● **What is being asked**: Exactly the lines from the one containing "ABQ-maternity-family-session-spring-blossoms" through the final line of the data below, with pictures omitted, make up the answer.

● **Source material**:
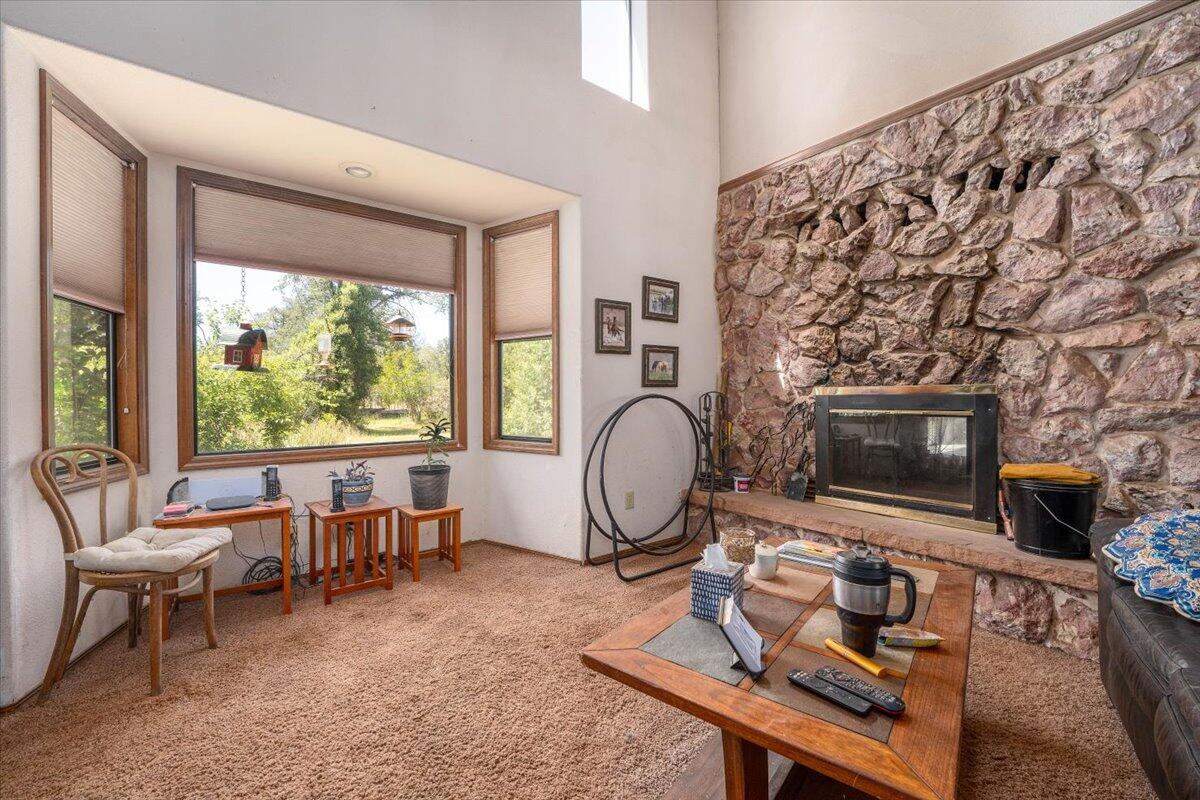property viewer photo 18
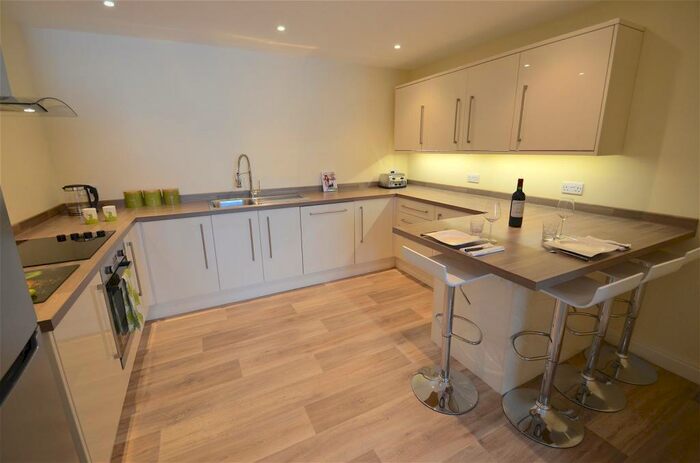 2 Bedroom Apartment To Rent In The Swans, Radcliffe Road, NG2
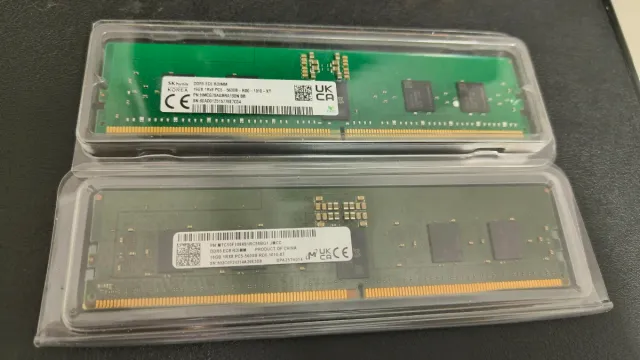 Memoria SK hynix RDIMM DDR5 16GB 5600MHz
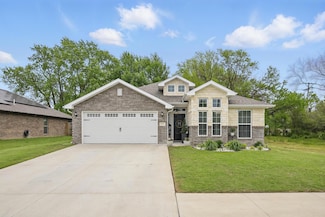 2039 Eagle Dr, Neosho, MO 64850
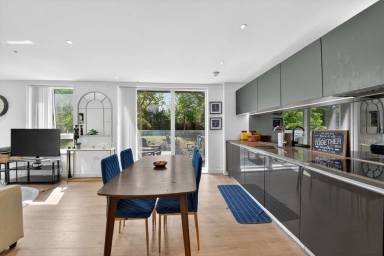 Heritage Place, Brentford - TW8 view 15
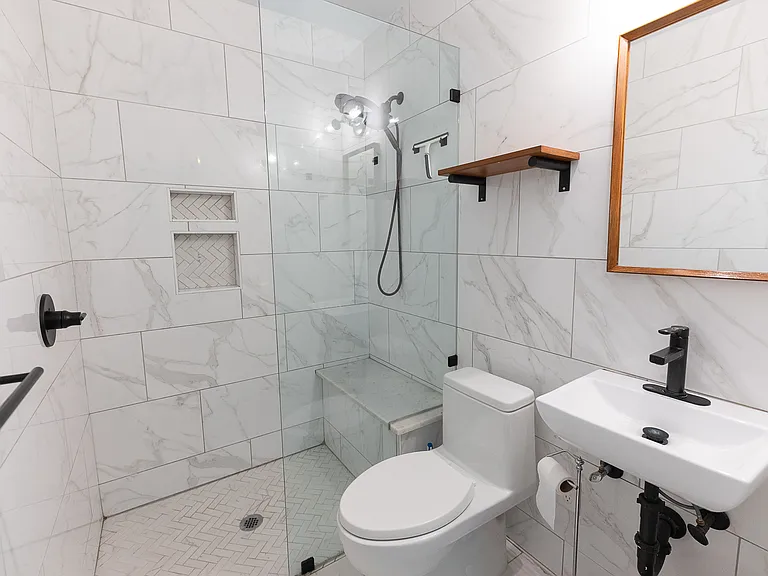 1700 Colonial Ave — Photo 22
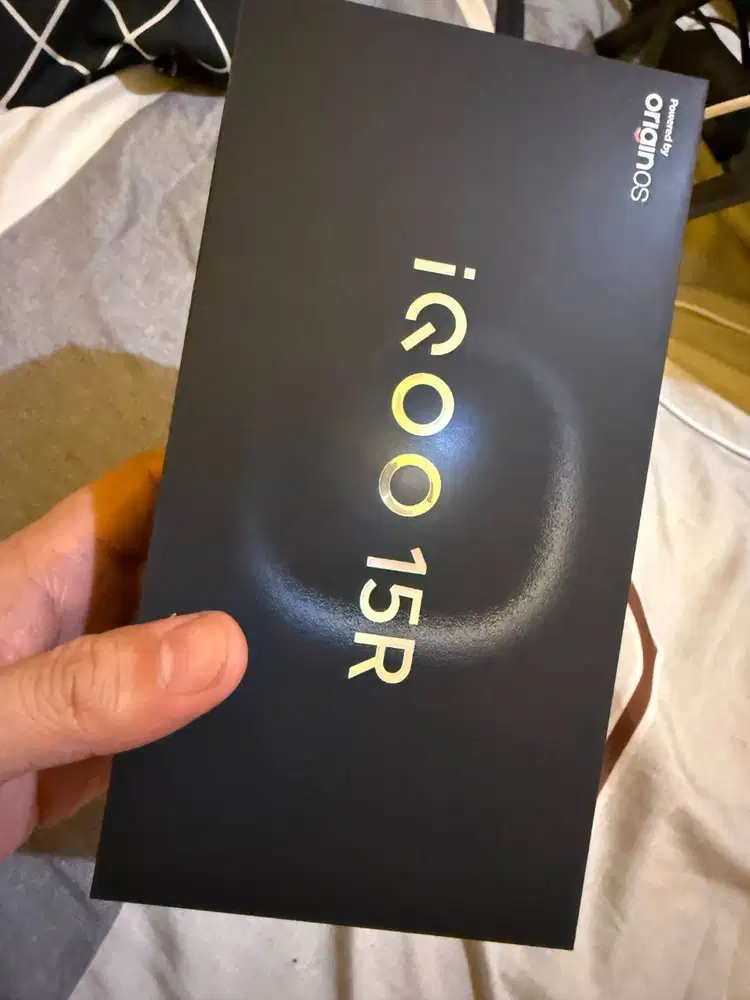 Iqoo 15R 8+8/256 Gb, Black, Garansi Pajang Resmi + Bonus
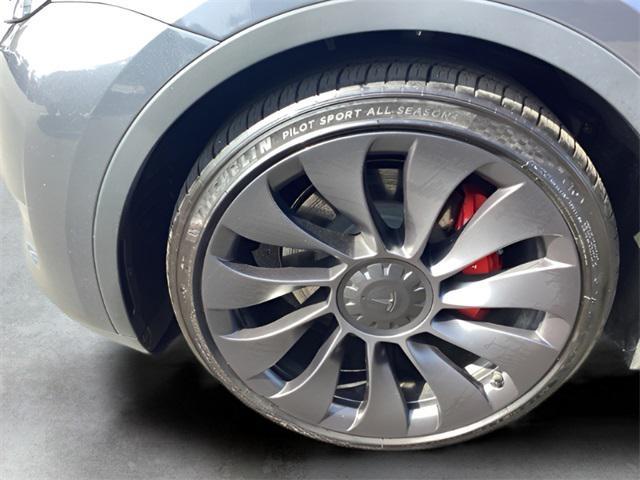 Photo of 2023 Midnight Silver Metallic Tesla Model Y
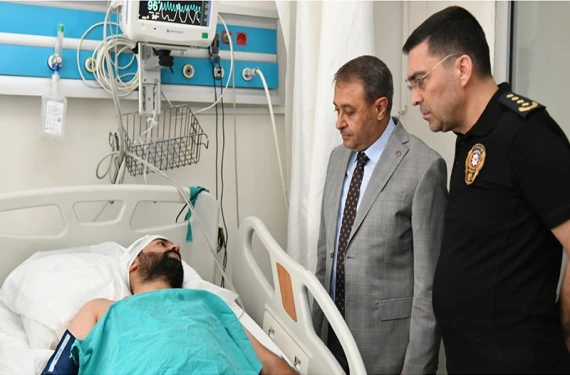 Vali Şıldak’tan yaralı polis memuruna ziyaret
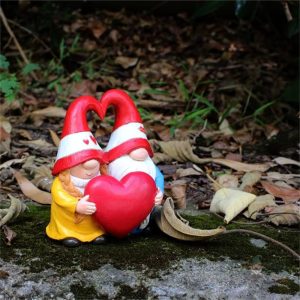Nain de jardin pour la Saint Valentin moderne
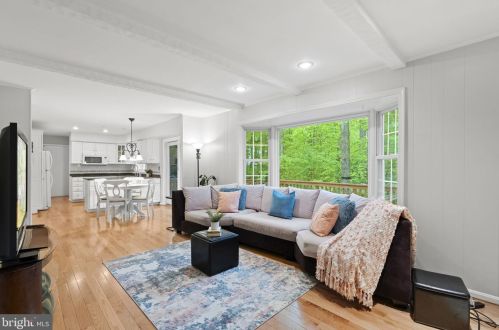 10809 Dayflower Ct, Herndon VA  20191-5109 exterior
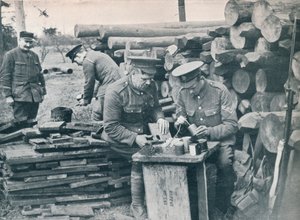 Britiske ingeniører med ekspedisjonsstyrken lager håndgranater av tobakksbokser, c1914 av Unbekannt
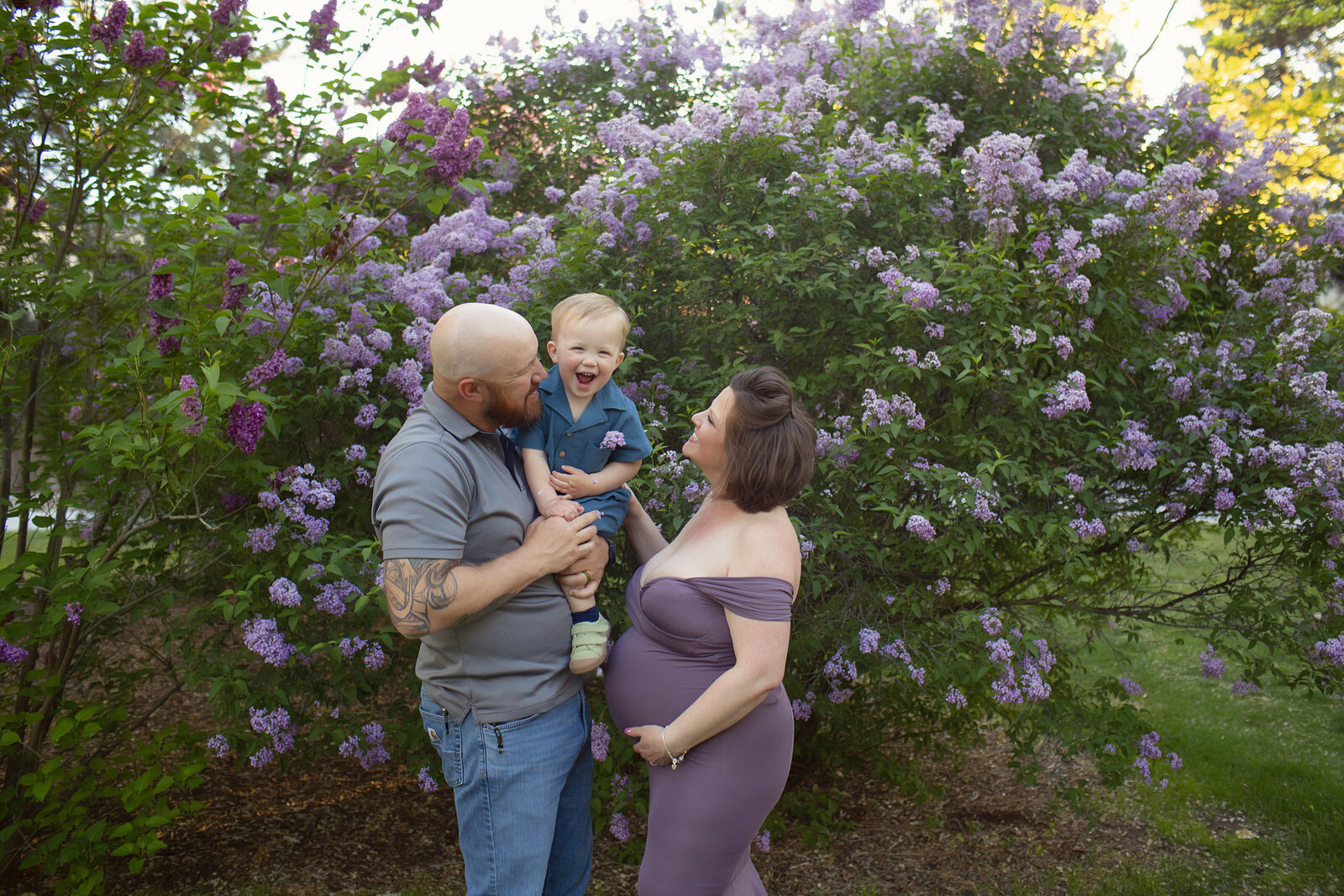 ABQ-maternity-family-session-spring-blossoms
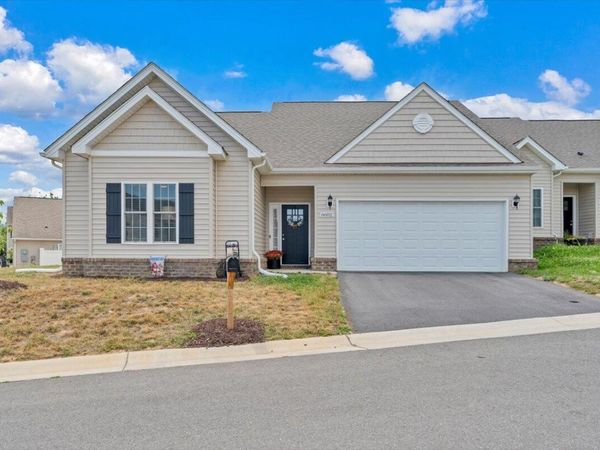 6602 Jojo LN , Roanoke, VA 24019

● **Task result**:
 ABQ-maternity-family-session-spring-blossoms
 6602 Jojo LN , Roanoke, VA 24019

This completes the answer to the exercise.